Translation: to support intra-host migration, a.k.a. KVM_CAP_VM_MOVE_ENC_CONTEXT_FROM

> The guest_mem inode is passed between two VMs on the same host machine and
> all memory associated with the inode needs to be retained.
>
> To support the above use case, binding of memslots is delayed until
> first use, so that the following inode passing flow can be used:
>
> 1. Source (old version of host VMM) process passes guest_mem inodes to
> destination (new version of host VMM) process via unix sockets.
> 2. Destination process initializes memslots identical to source process.
> 3. Destination process invokes ioctl to migrate guest_mem inode over to
> destination process by unbinding all memslots from the source VM and
> binding them to the destination VM. (The kvm pointer is updated in
> this process)
>
> Without delayed binding, step 2 will fail since initialization of
> memslots would check and find that the kvm pointer in the guest_mem
> inode points to the kvm in the source process.
>
>
> These two patches contain the meat of the changes required to support
> delayed binding:
>
> https://github.com/googleprodkernel/linux-cc/commit/93b31a006ef2e4dbe1ef0ec5d2534ca30f3bf60c
> https://github.com/googleprodkernel/linux-cc/commit/dd5ac5e53f14a1ef9915c9c1e4cc1006a40b49df
>
> Some things to highlight for the approach set out in these two patches:
>
> 1. Previously, closing the guest_mem file in userspace is taken to mean
> that all associated memory is to be removed and cleared. With these
> two patches, each memslot also holds a reference to the file (and
> therefore inode) and so even if the host VMM closes the fd, the VM
> will be able to continue to function.
>
> This is desirable to userspace since closing the file should not be
> interpreted as a command to clear memory.

100% agreed. However, after more thought since we first discussed this, I think
that a deferred binding is the wrong way to solve this particular problem. More
below.

> This is aligned with the
> way tmpfs files are used with KVM before guest_mem: when the file is
> closed in userspace, the memory contents are still mapped and can
> still be used by the VM. fallocate(PUNCH_HOLE) is how userspace
> should command memory to be removed, just like munmap() would be used
> to remove memory from use by KVM.
>
> 2. Creating a guest mem file no longer depends on a specific VM and
> hence the guest_mem creation ioctl can be a system ioctl instead of a
> VM specific ioctl. This will also address Chao's concern at [3].

That concern is a non-issue for QEMU as memory backends are created after
accelerators are initialized, and AFAICT Google's VMM behaves similarly.

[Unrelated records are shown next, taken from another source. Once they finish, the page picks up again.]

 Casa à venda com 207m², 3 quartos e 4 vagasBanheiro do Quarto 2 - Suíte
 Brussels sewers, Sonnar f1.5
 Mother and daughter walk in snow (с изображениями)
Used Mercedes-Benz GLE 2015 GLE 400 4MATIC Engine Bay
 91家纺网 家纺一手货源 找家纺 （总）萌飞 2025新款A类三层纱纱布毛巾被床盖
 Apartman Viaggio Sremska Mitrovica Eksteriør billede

And _if_ there is a VMM that instantiates memory before KVM_CREATE_VM, IMO making
the ioctl() /dev/kvm scoped would have no meaningful impact on adapting userspace
to play nice with the required ordering. If userspace can get at /dev/kvm, then
it can do KVM_CREATE_VM, because the only input to KVM_CREATE_VM is the type, i.e.
the only dependencies for KVM_CREATE_VM should be known/resolved long before the
VMM knows it wants to use gmem.

Using a non-KVM syscall would eliminate any such dependencies, but in my very
strong opinion, that is not a good reason to go with a syscall.

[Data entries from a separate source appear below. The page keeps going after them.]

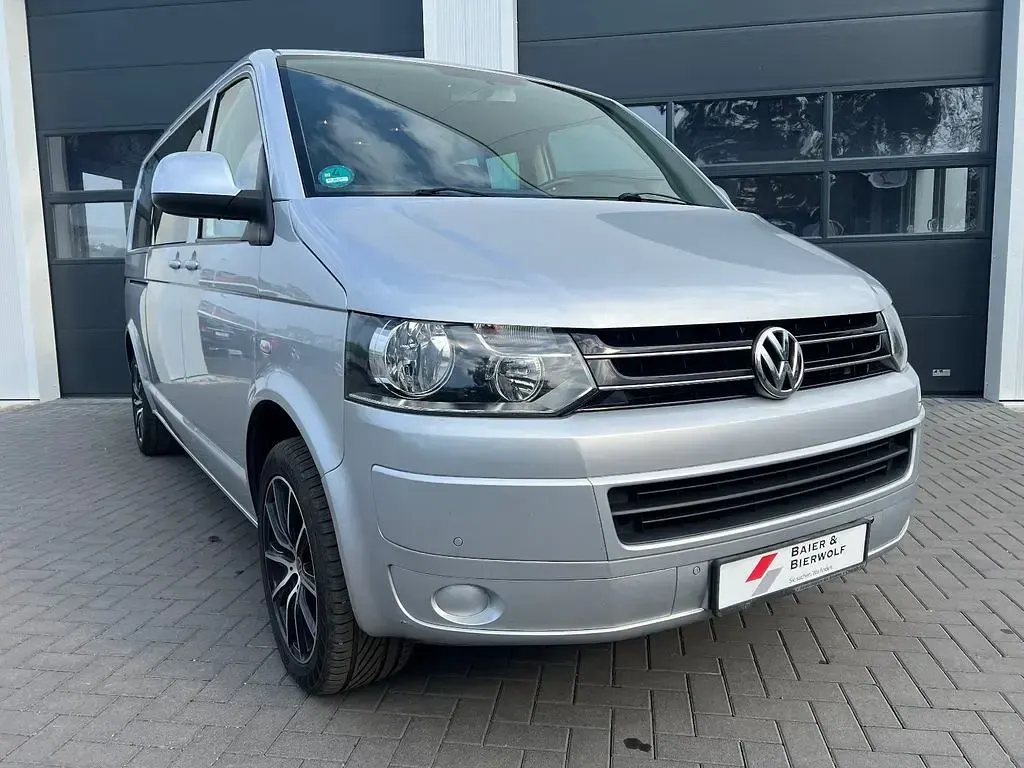 Gebraucht VW Caravelle Comfortline 140 PS (102 kW) 2013 Reflexsilber Van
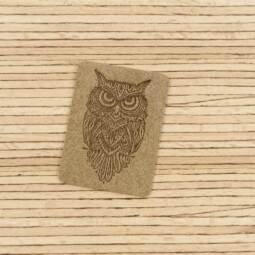 Ein Label zum Aufnähen –  Eule taupe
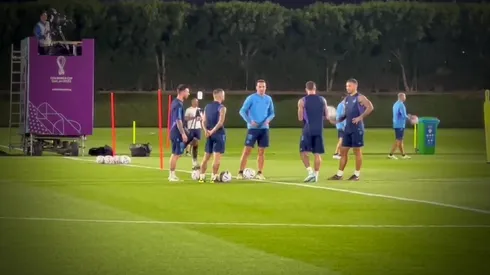 Reunión de referentes: la charla de la Selección Argentina antes del entrenamiento.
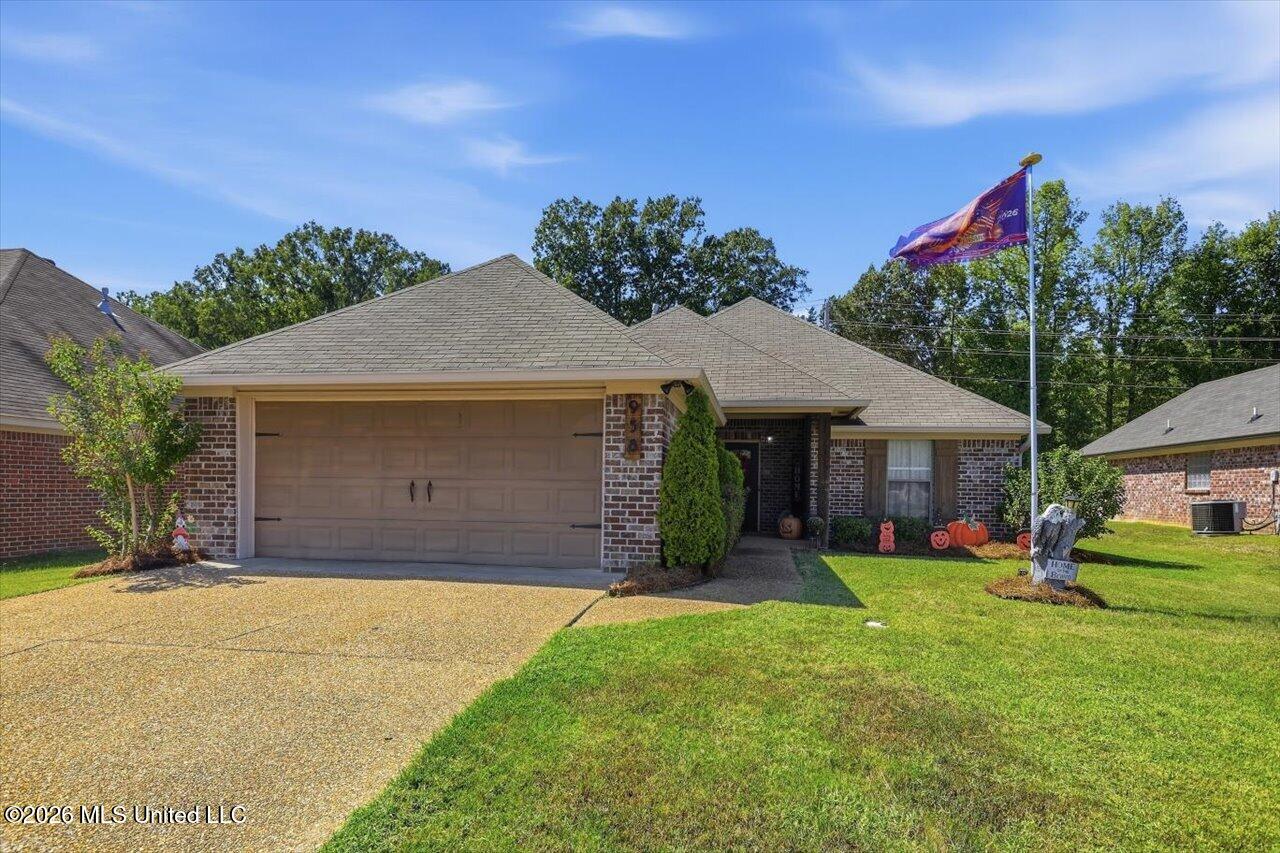 958 Clubhouse Drive Property Photo 1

> I also separated cleaning up files vs inodes in
> https://github.com/googleprodkernel/linux-cc/commit/0f5aa18910c515141e57e05c4cc791022047a242,
> which I believe is more aligned with how files and inodes are cleaned up
> in FSes.

I didn't take these, though I am in the process of incorporating parts of the
underlying feedback (see below).

> This alignment makes it easier to extend gmem to hugetlb, for one.

I am not convinced that utilizing hugetlb is the best way to provide 1GiB support
in gmem. I'm not necessarily against it, but there's a fair bit of uncertainty
around the future of hugetlb, and there are fundamental aspects of hugetlb that
may be non-goals for the gmem use case, e.g. mapping the memory with 1GiB pages
in the userspace page tables likely isn't necessariy, and might even be
undesirable.

And practically speaking, the changes aren't _that_ invasive, i.e. punting any
necessary refactoring should not substantially increase the size/complexity of
hugetlb support (*if* we end up adding it).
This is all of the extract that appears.